I do the only logical thing - i simply hop out with the car in neutral with no brake on. Sometimes I curb the wheels, but usually I just let the car roll into the car either behind me or in front of me, unless of course it's an SUV. In that case I make sure I pull out bumper bully


----------



## Fast Bob (Jun 4, 2004)

Getsmmr said:


> I do the only logical thing - i simply hop out with the car in neutral with no brake on. Sometimes I curb the wheels, but usually I just let the car roll into the car either behind me or in front of me, unless of course it's an SUV. In that case I make sure I pull out bumper bully


"Ex-New Yawka", huh ?


----------



## Getsmmr (May 9, 2005)

Fast Bob said:


> "Ex-New Yawka", huh ?


You got it....

But seriously, all the use on these SF hills here have definitely "stretched" the cable in the brake, I need to give a it a major pull these days or it will roll until it bangs against 1st gear.


----------



## Fast Bob (Jun 4, 2004)

Getsmmr said:


> You got it....
> 
> But seriously, all the use on these SF hills here have definitely "stretched" the cable in the brake, I need to give a it a major pull these days or it will roll until it bangs against 1st gear.


I don`t know if they`re still constructed the same way, but I adjusted the cable on one of my previous BMWs....under the boot, at the base of the ebrake handle, is (was) a threaded adjuster which allowed you to remove some of the slack from the cable....IIRC, I was able to get it to the point where "four clicks" of pull would hold the car pretty well.


----------



## JimD1 (Jun 5, 2009)

Fast Bob,

I appreciate you are only expressing the conventional wisdom but as I explained in my first post, the conventional wisdom is simply not correct. If it helps you listen, I am a mechanical engineer.

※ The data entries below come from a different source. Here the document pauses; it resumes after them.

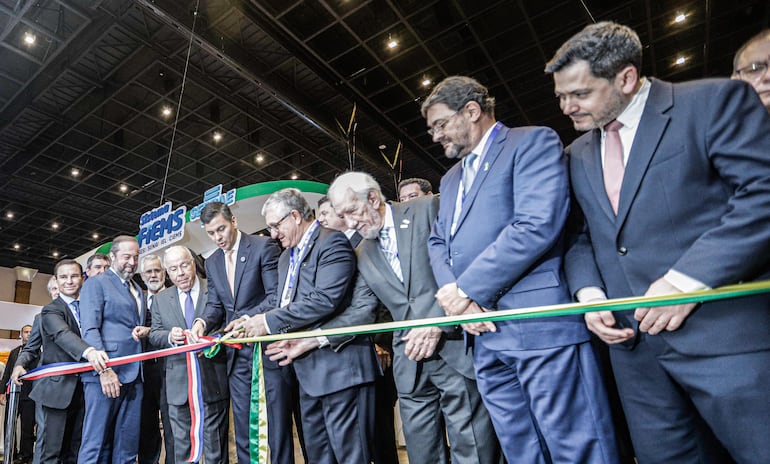 Inauguración de la Expo Paraguay - Brasil 2024, en el Centro de Convenciones de la Conmebol.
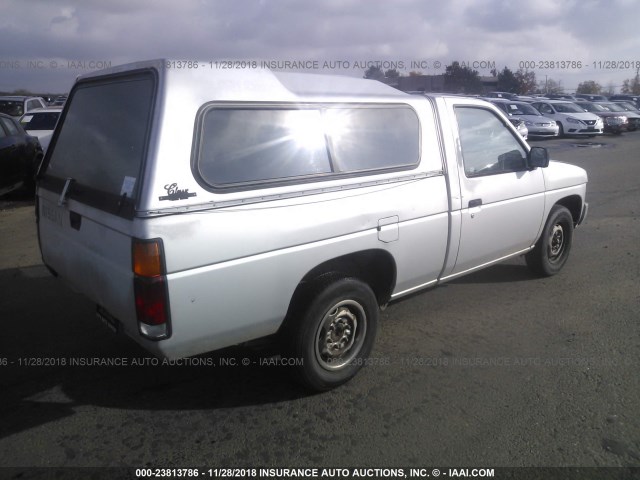 1N6SD11S9PC330521 - 1993 NISSAN TRUCK SHORT WHEELBASE SILVER photo 4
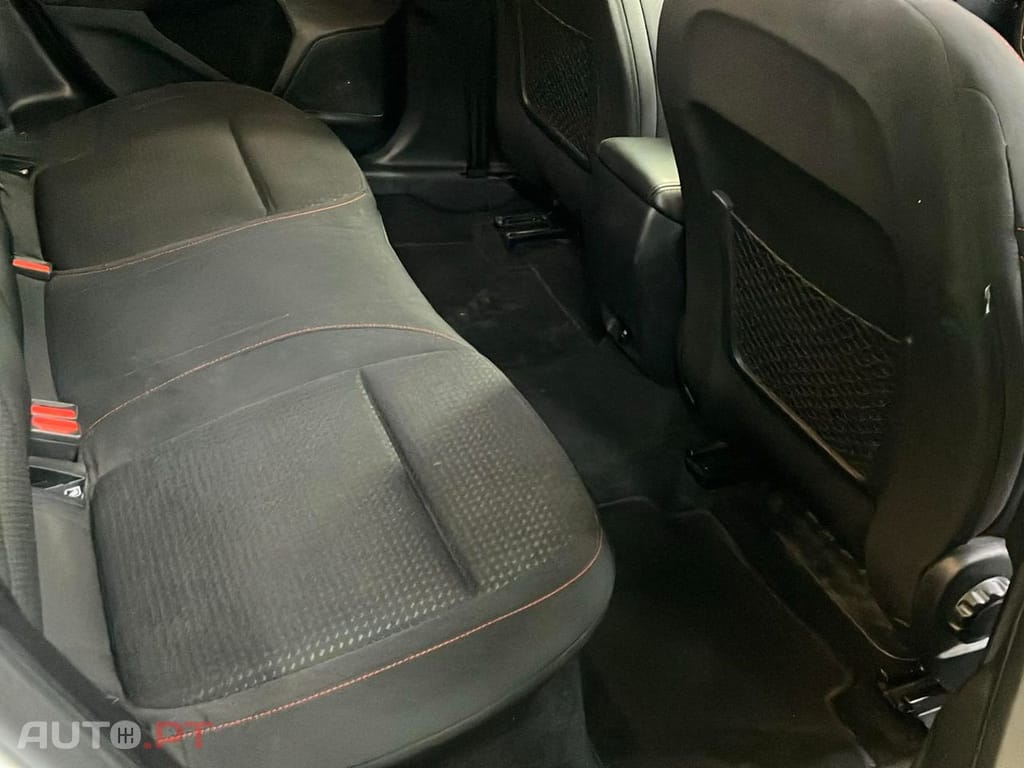 Ford Focus 1.0 EcoBoost MHEV ST-Line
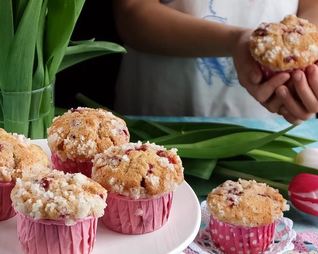 Нежные маффины с ягодами и сахарной корочкой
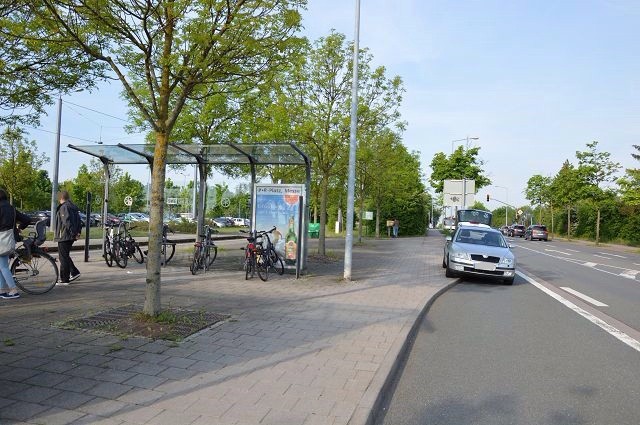 Gothaer Str./P+R Platz/Messe/li. innen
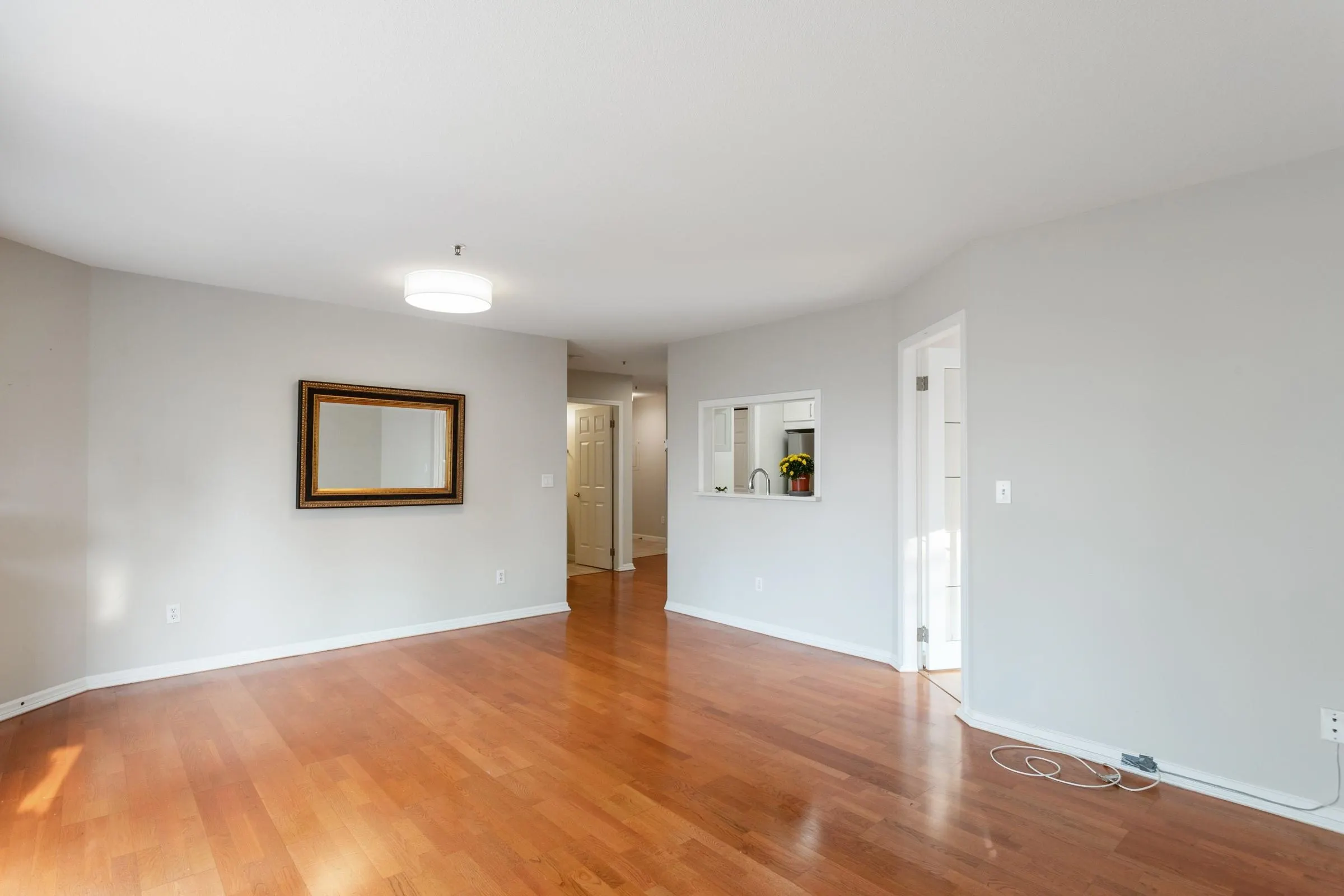 5 2150 Marine Drive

The purpose of the gears between the engine in our cars and the wheels is to multiply the torque provided by the motor. The more engine revolutions are required for one wheel revolution, the easier it is for the engine to turn the wheels. This same principal is used in hoists and pulleys and levers. Since our cars turn more engine revolutions for a given speed in first gear, we know that the torque required to move the wheels is lowest in first gear. The torque required to rotate the wheels is highest in the highest gear we have (6th for me). 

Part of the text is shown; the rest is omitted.